● **What is being asked**: Repeat the listing exactly. The images do not belong in the copy.

● **Recorded information**:
□ □ □ □
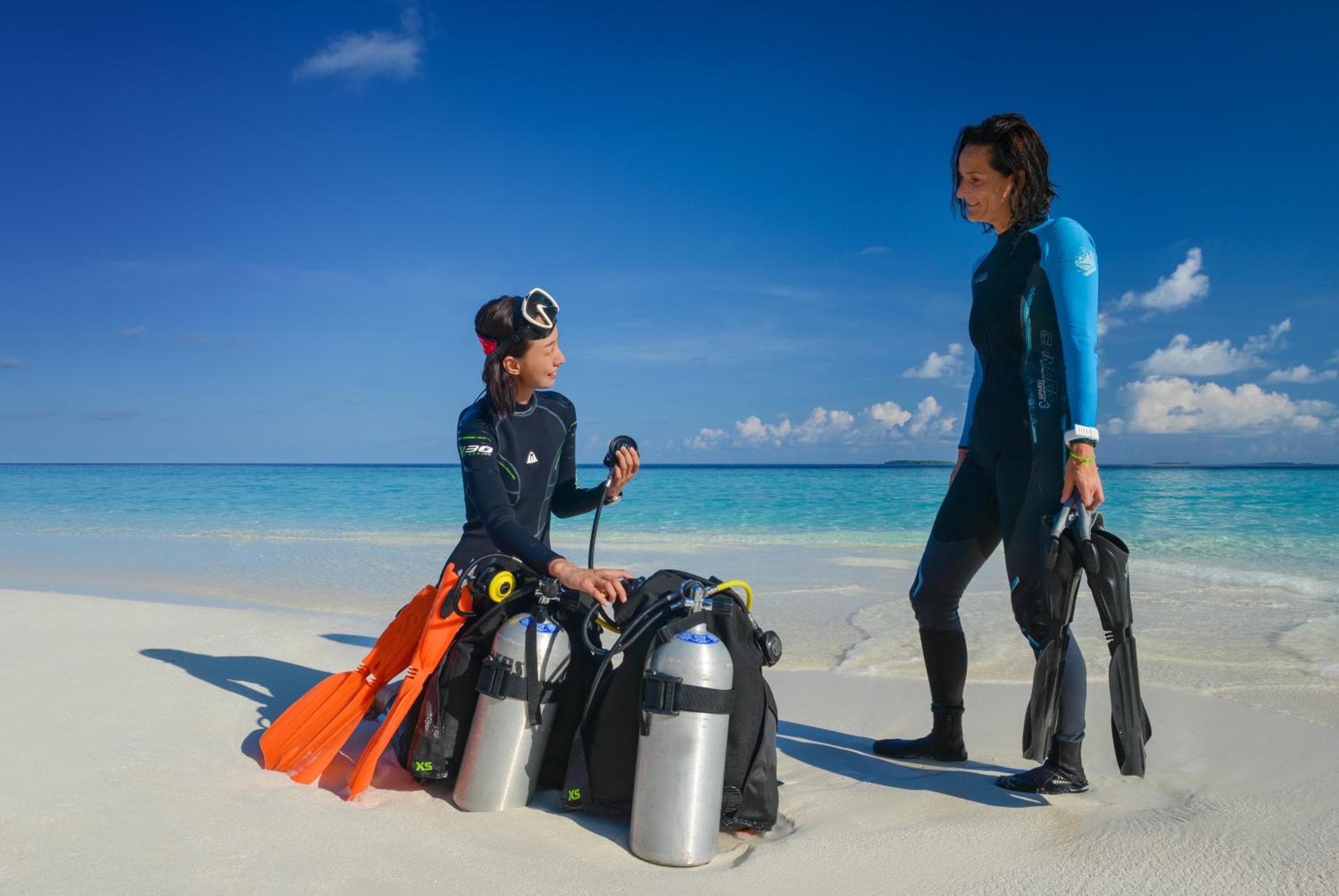 Adaaran Select Meedhupparu - One Kid Stays FREE for Stay Dates between 12th April 2026- 30th September 2026 - with Dine around Premium All inclusive 24 hou - View 20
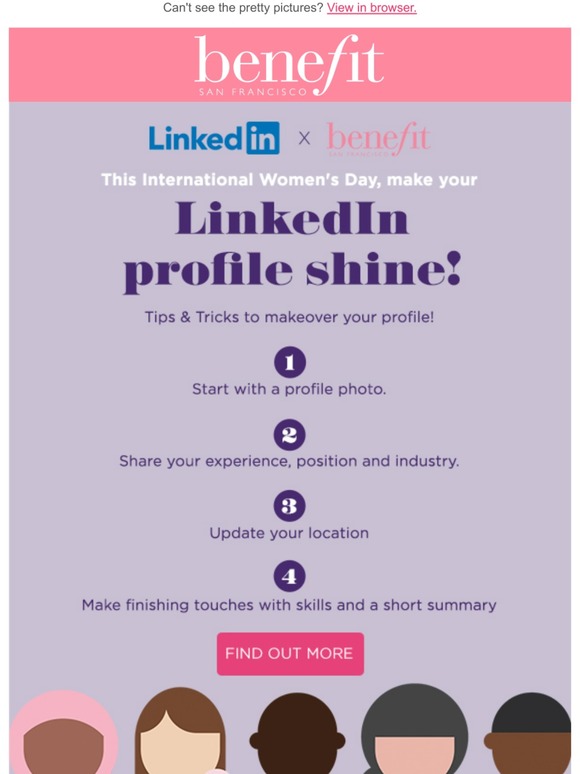Let's get more eyes on your LinkedIn profile!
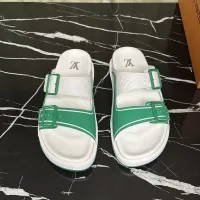 $68.00 USD Louis Vuitton Slippers For Men #1463108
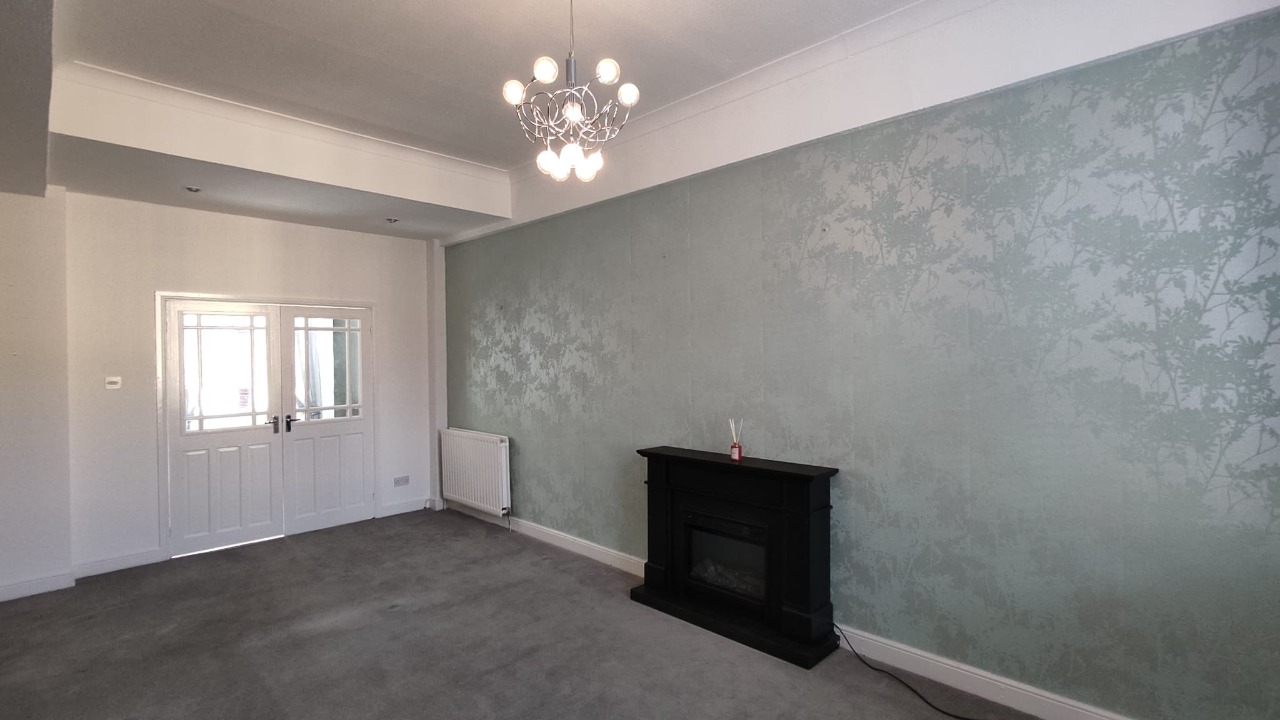 P442: Springburn Road, Springburn, Glasgow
□ □ □ □
● **Response to the task**:
 Adaaran Select Meedhupparu - One Kid Stays FREE for Stay Dates between 12th April 2026- 30th September 2026 - with Dine around Premium All inclusive 24 hou - View 20
Let's get more eyes on your LinkedIn profile!
 $68.00 USD Louis Vuitton Slippers For Men #1463108
 P442: Springburn Road, Springburn, Glasgow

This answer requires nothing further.